Are spam filters getting better in 2026?

Filters are getting marginally better at catching mass mechanical attacks but losing ground against well-crafted spam and cold outreach. The net effectiveness has plateaued because the attacker side has access to the same AI tools as the defender side, and the attackers iterate faster against any new heuristic.

Why has filter improvement plateaued?

Content-based filters are in a structural arms race. Better defenders produce better attackers because the attacker side is paid to study the filter and route around it. Each new heuristic raises the bar slightly, but the attacker iterates and the bar comes back down. The structure of the race does not change with more compute or larger models.

Will AI eventually solve the spam problem?

AI will keep changing the volume composition. AI defenders will catch some attacks AI attackers produce. AI attackers will iterate around AI defenders. The arms race continues. The thing AI cannot do is change the underlying economic property: that reaching an additional inbox costs the sender approximately zero. That is the layer where filters cannot operate.

What is the structural alternative to better content filters?

Filters that operate on something other than content. Identity (is this sender on the recipient's guest list?) and cost (did the sender pay a small cover charge?) are structural properties the attacker cannot model their way out of. Identity-and-cost filters are deterministic: the input is the recipient's preferences and the sender's payment, not the content of the message.

How does this affect what users should do?

Run native filters as the first layer because they catch the obvious attacks well. Add structural filters that do not depend on content classification because they catch what content filters cannot. Stop expecting any single filter to solve the entire problem; the layered stack is what works.
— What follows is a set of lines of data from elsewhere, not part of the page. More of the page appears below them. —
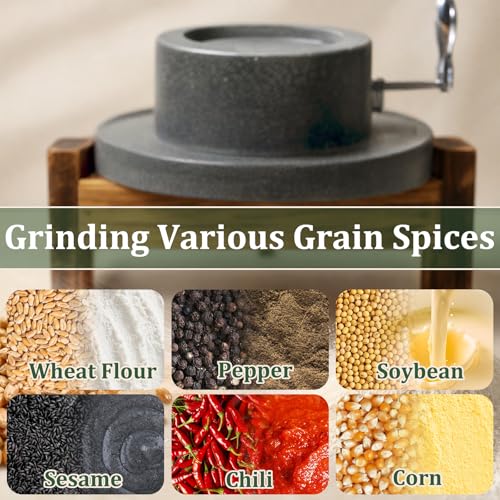 7.8×11.8in Manual Stone Grain Mill with Stainless Steel Handle for Flour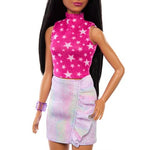 Barbie Fashionistas Doll #215 with Black Straight Hair, Pink Star-Print Top & Iridescent Skirt, 65th Anniversary Collectible Toy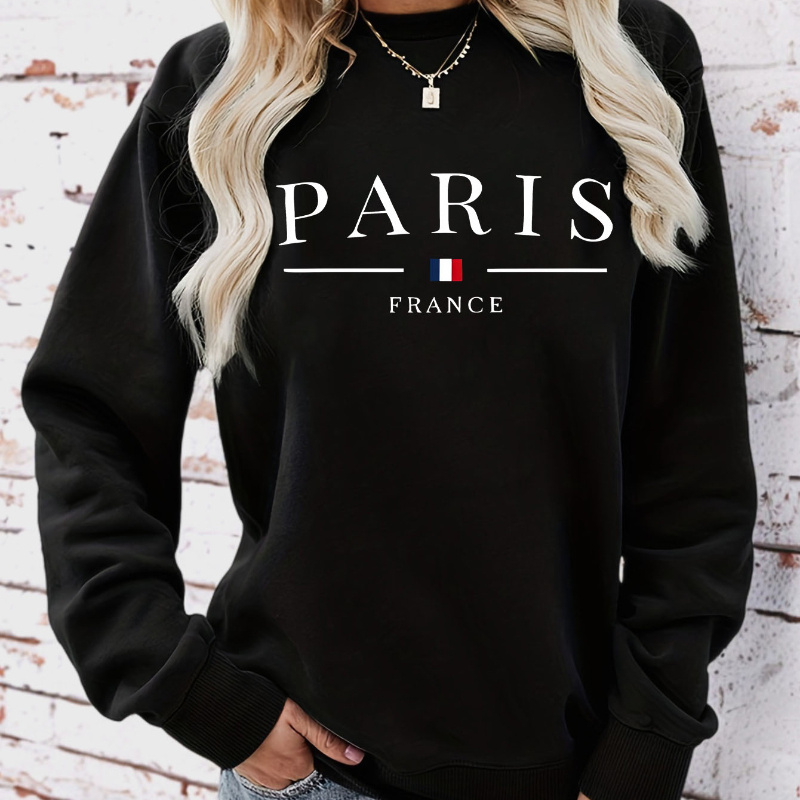 

Paris France Letter Neck Women's Sweatshirt Casual Sport Long Sleeve Pullover Knit Polyester With Slight Stretch For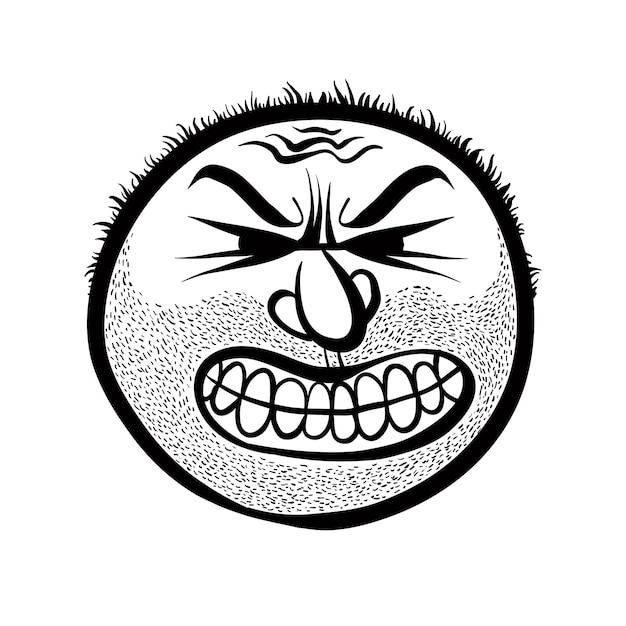 Cara de dibujos animados enojado con rastrojo, ilustración vectorial.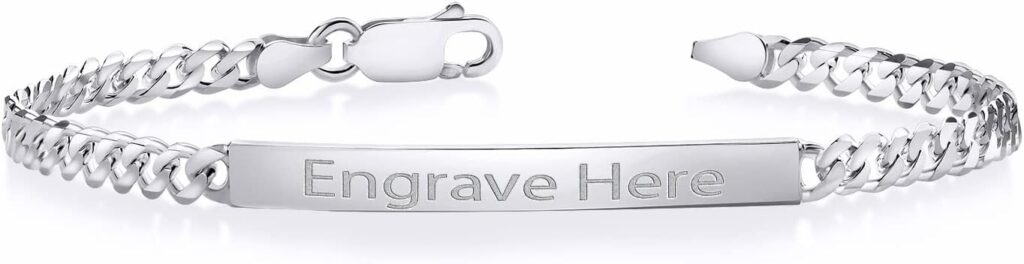 Gem Stone King Made in Italy 925 Sterling Silver Customized and Personalized Engravable ID Curb Chain Bracelet (7,7.5,8,8.5 Inch, 4MM Wide, Lobster Clasp)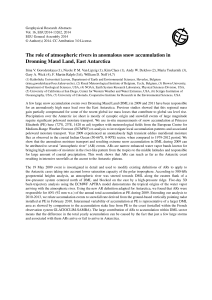 The role of atmospheric rivers in anomalous snow accumulation in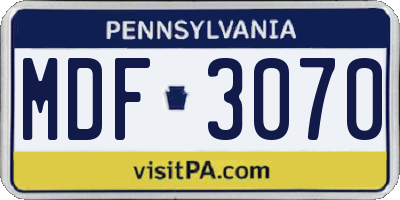PA license plate MDF3070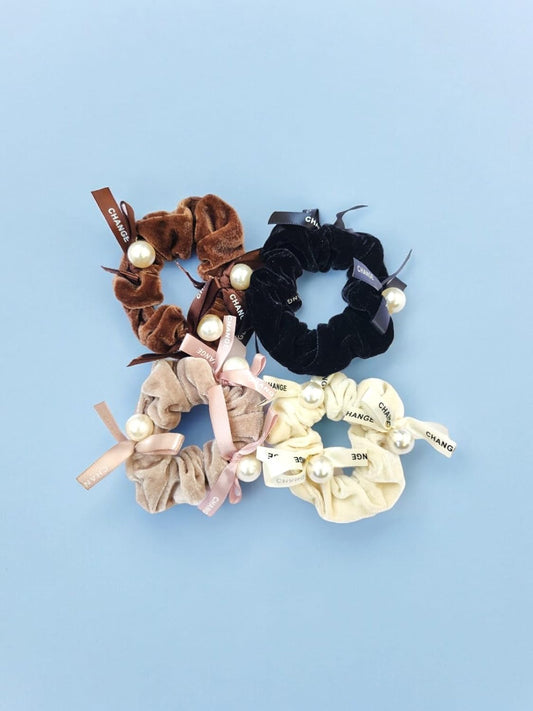 MAYA-606 Korean velvet cute scrunchies, Ponytail band, velvet Rubber hair ties, embelisshed with white pearl & Ribbon for women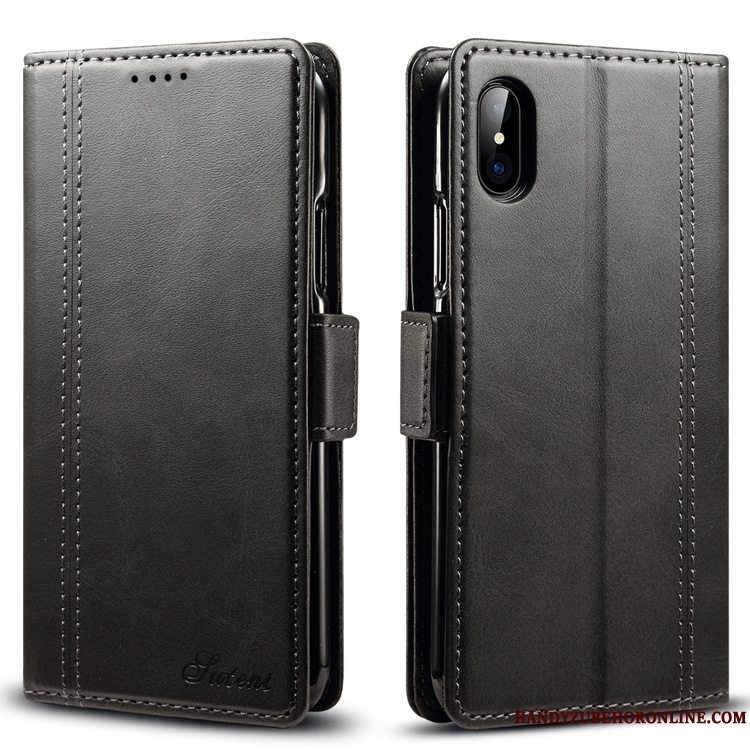 Etui iPhone Xs Max Læder Gul Telefon, Cover iPhone Xs Max Beskyttelse Kort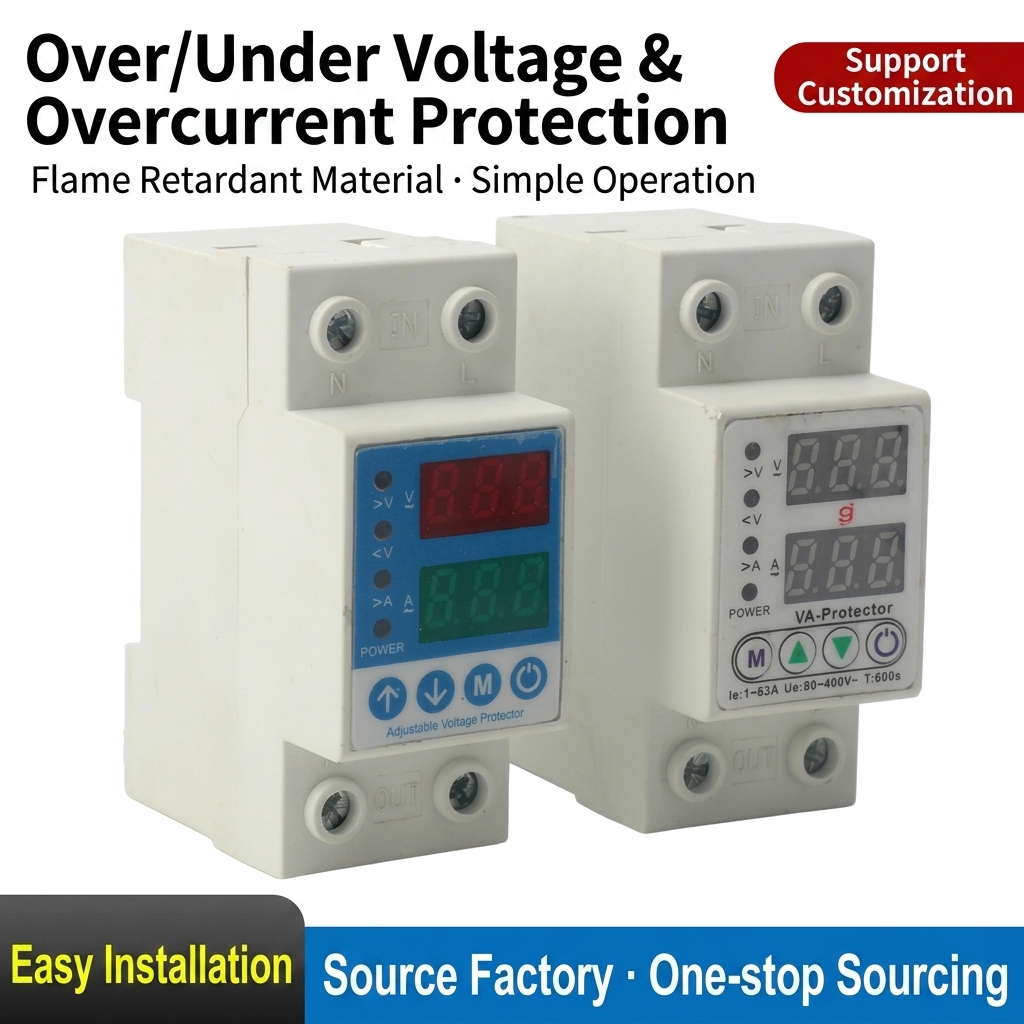 Digital display self-resetting over/under voltage protector, adjustable overcurrent and leakage protector, din rail mount voltage and current monitor for home use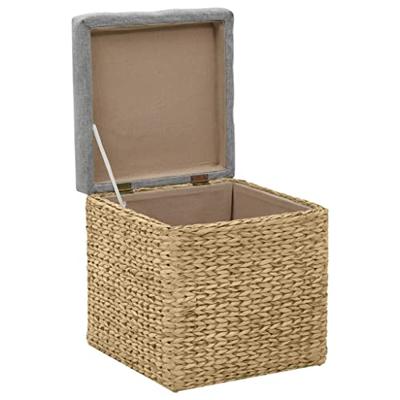 Poefset zeegras grijs 2-delig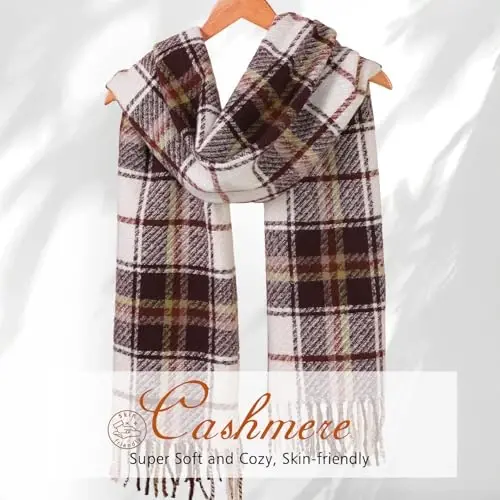 Clothirily Womens Winter Scarf, Oversized Long Blanket Plaid Shawl Wrap | Soft CasModazoneere Feel, Warm PasModazoneina Shawl and Wrap, Fashion Plaid Pattern with Tassel, Oversized Fit, Ideal Fall Winter Gift - 3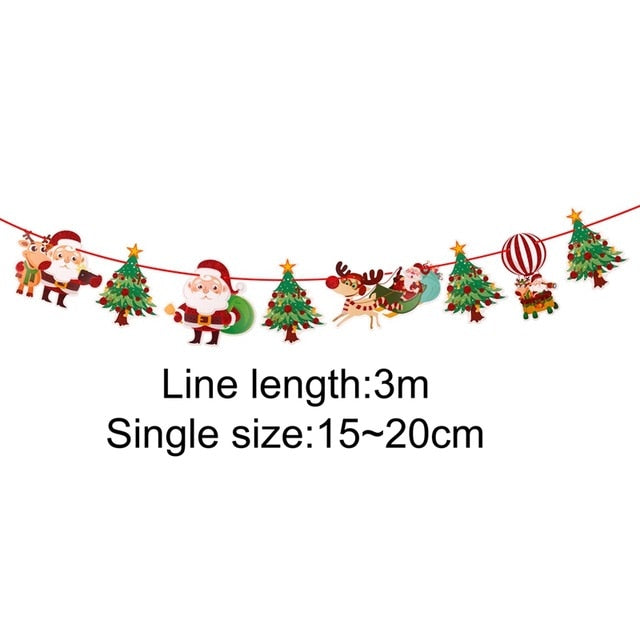 Christmas Window Garland – Colorful 3-Meter Decor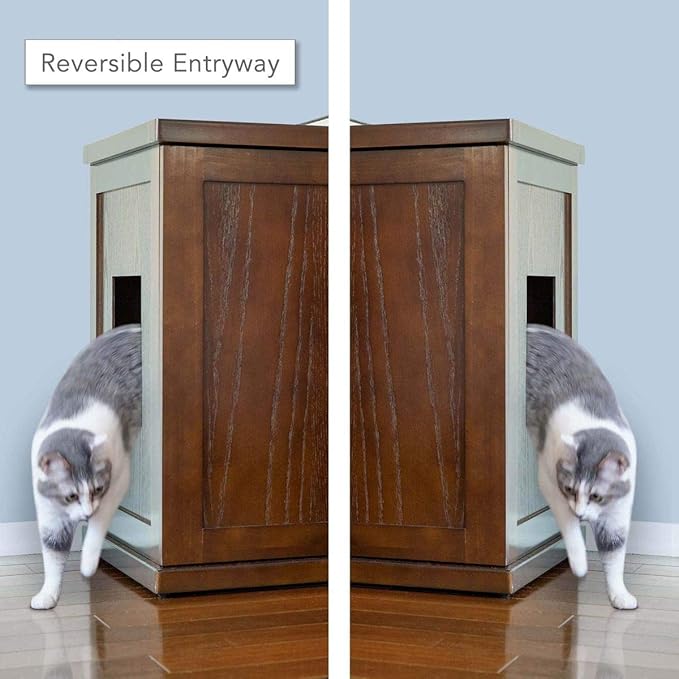 THE REFINED FELINE Cat Litter Box Enclosure Cabinet, Farmhouse, Mahogany Brown, Round Feet, XLarge, Hidden Litter Cat Furniture with Drawer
Why Email Spam Filters Aren't Getting Better

Spam filter effectiveness has plateaued despite growing AI capability. Here is the structural reason and what actually closes the gap.

The spam filter you use today is not meaningfully better than the one you used three years ago. The improvement curve has flattened. The volume of unwanted mail keeps growing. The user experience of the inbox keeps degrading. Most explanations for this involve attacker creativity or filter design choices. The deeper explanation is structural.

This post is the honest version of why email filters are not improving the way users would hope they would, and what actually closes the gap.

The Plateau

The major email providers have invested heavily in spam filtering. Google reports that Gmail blocks roughly 99.9% of mass spam. Microsoft Defender for Office 365 has an equivalently strong story. Apple’s Mail and Yahoo’s filters do similar work. The numbers from any major provider in 2026 are roughly the same as the numbers from 2022. The improvement curve is flat at the top of the distribution.

The user experience is also flat or degrading. Inboxes feel more cluttered with cold outreach, recruiter pitches, AI-generated solicitation, and a long tail of unwanted-but-not-technically-spam mail. The mass attacks are caught; the survivors are the harder cases.

The combination is the plateau. Filters are doing roughly the same volume of work they were doing three years ago. The work the filters cannot do has grown. The user is the one who feels the gap.

Why Better Models Do Not Help

The intuitive answer to “why are filters not improving” is “they need better AI models.” The intuitive answer is wrong, and understanding why is the key insight.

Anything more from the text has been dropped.